Thursday, July 3, 2014

To recapitulate...

I'm going on holiday and don't have enough time to write anything new. At the risk of being repetitive, here's a recapitulation of what is one of this blog's major themes: the idea of moneyness. Most of the component parts are spread out over a couple of dozen posts written over many months—here I'll try and piece the whole quilt together in one spot.

Money vs moneyness

The initial point comes from one of my first posts (as well as a later one). There are two ways of thinking about monetary phenomena. The standard way is to draw a line between all things in an economy that are "money" and all those things which are not. Deposits typically go in the money bin, widgets go in the non-money bin, dollar bills go in the money bin, labour goes in the non-money bin and so forth.

The second approach, the one this blog takes, begins with the idea that all things in an economy are money-like. The line we are interested in here is the extent to which the value of each thing is determined by its money-like qualities, or its moneyness, versus the degree to which its value is determined by its non-money like qualities, say its ability to be consumed. We might say that deposits have more moneyness than labour, and labour is more money-like than a second-hand speedo and so forth.

(This second approach isn't without precedent, see Keynes, Hayek, and Friedman.)

Why is moneyness a valuable attribute?

It's all in this post, but here's a quick recap. The greater an item's degree of moneyness, the easier it is for its owner to mobilize that item in trade should some unanticipated eventuality arise. This quality of being easily liquidated provides the owner of that asset with a flow of uncertainty-alleviating services over time, or insurance.

Because moneyness, like insurance, is a valuable property, people must choose on the margin whether to sacrifice moneyness for either consumption or interest. In deciding whether to trade an item with high moneyness for a consumption good with low moneyness, an individual must weigh the present value of the flow of uncertainty-shielding services provided by the former against the one-time zing provided by the latter. In considering a potential exchange between an item with high moneyness and an illiquid interest-yielding asset, the tradeoff is between uncertainty-shielding services and an ongoing pecuniary return.

The supply of moneyness

Moneyness is a valuable good, but it also must be produced at a cost.

Certain characteristics of a good allow it to become more money-like, including durability, verifiability, fungibility, and portability. Network effects may promote an item's degree of moneyness.
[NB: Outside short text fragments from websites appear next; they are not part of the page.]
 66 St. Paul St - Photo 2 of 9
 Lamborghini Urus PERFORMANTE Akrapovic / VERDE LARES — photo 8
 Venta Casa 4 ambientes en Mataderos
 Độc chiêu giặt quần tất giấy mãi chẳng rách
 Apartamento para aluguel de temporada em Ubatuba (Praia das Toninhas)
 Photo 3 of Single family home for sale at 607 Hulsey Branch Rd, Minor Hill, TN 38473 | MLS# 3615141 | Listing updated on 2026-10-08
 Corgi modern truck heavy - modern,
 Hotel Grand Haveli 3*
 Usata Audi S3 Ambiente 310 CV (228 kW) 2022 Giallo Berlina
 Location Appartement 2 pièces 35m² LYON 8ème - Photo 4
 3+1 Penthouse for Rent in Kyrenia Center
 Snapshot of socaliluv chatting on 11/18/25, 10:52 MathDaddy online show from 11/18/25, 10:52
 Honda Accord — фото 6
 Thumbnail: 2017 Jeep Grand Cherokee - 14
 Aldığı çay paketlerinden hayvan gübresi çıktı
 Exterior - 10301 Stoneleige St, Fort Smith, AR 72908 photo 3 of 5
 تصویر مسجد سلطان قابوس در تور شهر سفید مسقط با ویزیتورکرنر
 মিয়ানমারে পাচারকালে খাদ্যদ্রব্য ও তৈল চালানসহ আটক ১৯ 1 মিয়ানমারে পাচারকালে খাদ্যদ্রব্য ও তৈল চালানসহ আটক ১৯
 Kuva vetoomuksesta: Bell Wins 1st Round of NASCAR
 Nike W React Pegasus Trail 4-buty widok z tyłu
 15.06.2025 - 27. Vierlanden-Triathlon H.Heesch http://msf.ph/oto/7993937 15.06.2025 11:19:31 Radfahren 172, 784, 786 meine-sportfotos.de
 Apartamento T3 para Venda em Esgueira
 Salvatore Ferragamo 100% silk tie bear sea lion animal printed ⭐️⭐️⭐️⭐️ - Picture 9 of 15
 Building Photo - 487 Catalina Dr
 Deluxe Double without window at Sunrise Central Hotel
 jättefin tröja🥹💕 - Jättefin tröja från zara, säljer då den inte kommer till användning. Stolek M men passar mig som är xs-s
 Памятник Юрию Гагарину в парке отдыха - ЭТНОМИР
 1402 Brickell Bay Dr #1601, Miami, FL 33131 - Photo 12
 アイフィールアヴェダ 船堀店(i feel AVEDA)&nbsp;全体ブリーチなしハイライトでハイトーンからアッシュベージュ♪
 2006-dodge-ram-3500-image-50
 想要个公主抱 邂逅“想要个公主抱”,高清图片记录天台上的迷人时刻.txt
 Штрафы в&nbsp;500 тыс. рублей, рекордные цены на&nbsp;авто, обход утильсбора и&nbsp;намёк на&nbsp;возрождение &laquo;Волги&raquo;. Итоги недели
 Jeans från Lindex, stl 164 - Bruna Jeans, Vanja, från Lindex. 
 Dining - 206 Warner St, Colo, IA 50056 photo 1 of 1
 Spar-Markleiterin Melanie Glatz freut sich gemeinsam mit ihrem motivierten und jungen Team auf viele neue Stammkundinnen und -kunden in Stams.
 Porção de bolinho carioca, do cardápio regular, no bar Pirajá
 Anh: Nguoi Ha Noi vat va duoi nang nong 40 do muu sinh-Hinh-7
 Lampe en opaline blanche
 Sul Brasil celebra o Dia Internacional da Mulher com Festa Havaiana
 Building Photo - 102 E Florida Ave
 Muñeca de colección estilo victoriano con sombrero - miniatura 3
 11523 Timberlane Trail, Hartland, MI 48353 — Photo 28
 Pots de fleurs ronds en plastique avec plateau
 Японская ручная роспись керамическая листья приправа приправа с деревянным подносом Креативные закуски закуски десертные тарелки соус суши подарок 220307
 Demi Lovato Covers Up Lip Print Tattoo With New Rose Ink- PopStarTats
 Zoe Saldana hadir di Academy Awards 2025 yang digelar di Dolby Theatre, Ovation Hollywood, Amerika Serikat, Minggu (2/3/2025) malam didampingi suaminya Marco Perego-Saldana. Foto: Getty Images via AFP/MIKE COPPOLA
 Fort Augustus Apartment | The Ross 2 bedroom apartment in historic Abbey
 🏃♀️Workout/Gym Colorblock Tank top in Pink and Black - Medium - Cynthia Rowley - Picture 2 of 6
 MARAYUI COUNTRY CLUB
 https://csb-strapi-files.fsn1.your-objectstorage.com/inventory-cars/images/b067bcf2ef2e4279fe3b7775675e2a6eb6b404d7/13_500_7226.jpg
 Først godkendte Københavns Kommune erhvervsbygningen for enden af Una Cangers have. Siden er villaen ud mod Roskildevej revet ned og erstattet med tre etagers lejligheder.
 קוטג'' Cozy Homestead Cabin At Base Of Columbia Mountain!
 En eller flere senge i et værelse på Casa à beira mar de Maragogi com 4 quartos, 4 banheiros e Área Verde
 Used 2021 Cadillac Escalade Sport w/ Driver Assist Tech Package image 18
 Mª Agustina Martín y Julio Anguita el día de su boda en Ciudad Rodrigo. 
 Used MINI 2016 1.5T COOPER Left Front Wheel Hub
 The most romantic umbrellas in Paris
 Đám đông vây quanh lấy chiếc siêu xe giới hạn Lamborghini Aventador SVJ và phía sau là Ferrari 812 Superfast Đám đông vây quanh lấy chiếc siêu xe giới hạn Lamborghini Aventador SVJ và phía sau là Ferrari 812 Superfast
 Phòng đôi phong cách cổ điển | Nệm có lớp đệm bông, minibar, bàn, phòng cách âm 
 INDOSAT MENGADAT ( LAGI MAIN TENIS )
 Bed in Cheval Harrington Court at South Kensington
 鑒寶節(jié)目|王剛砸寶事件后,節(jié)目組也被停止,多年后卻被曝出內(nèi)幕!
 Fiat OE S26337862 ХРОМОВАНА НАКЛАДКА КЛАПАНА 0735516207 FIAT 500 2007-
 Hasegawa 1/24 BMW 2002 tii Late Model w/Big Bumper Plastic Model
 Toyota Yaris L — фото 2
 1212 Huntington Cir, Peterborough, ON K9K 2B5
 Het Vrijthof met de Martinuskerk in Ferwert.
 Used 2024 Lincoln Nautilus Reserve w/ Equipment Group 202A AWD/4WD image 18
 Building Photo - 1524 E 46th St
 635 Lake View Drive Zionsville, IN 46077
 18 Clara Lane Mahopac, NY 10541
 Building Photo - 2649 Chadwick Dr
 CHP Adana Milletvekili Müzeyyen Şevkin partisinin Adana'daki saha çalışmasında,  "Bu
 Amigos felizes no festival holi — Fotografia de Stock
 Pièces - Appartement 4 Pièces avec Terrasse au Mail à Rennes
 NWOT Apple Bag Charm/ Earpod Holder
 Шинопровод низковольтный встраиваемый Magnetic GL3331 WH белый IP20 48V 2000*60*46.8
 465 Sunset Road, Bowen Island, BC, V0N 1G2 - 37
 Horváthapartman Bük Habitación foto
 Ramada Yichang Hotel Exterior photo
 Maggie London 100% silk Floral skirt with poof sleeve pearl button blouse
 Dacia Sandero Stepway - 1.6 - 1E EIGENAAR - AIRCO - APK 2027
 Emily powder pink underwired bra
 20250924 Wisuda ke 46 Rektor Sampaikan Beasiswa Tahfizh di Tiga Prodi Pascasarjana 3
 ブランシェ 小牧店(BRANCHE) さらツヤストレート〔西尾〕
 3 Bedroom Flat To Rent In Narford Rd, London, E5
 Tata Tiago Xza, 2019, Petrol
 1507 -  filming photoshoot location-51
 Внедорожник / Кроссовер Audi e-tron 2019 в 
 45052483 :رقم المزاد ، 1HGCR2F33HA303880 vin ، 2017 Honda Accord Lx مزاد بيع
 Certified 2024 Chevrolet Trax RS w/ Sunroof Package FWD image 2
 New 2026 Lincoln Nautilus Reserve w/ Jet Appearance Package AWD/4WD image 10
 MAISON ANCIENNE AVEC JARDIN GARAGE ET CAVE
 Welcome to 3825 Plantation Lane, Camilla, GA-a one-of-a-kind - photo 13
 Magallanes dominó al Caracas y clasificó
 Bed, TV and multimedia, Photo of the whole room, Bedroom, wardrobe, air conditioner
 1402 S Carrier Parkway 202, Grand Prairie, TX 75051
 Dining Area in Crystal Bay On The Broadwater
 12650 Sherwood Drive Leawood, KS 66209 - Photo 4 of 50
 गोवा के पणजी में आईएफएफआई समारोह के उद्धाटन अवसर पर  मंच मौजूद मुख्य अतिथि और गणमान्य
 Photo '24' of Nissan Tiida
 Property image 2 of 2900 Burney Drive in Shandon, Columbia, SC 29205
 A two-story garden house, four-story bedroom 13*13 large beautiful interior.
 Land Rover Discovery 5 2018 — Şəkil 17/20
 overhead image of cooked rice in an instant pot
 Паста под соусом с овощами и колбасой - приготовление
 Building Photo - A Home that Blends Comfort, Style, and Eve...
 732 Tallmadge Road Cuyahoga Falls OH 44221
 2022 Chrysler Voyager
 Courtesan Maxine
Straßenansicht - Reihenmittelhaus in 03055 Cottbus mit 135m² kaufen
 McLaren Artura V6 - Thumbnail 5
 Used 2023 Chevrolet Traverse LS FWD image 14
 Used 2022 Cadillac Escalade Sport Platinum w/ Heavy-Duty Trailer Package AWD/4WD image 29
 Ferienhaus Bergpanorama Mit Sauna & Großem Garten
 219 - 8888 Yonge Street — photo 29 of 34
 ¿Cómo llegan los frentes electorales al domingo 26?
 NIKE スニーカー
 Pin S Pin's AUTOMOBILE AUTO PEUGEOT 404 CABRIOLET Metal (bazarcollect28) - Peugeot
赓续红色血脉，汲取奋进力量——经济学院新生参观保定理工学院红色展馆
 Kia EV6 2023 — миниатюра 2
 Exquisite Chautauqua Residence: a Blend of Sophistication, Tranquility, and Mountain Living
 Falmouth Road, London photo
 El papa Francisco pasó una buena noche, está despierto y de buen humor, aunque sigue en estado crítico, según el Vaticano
The moneyness of an object can be improved by manufacturing these characteristics. Gold, for instance, is rendered more money-like by incurring coinage costs in order to promote verifiability. Adding copper to a gold coin increases its durability. Network effects can be harnessed through marketing. As long as the expected returns of boosting an object's moneyness are higher than the costs, liquidity providers will happily bear the costs.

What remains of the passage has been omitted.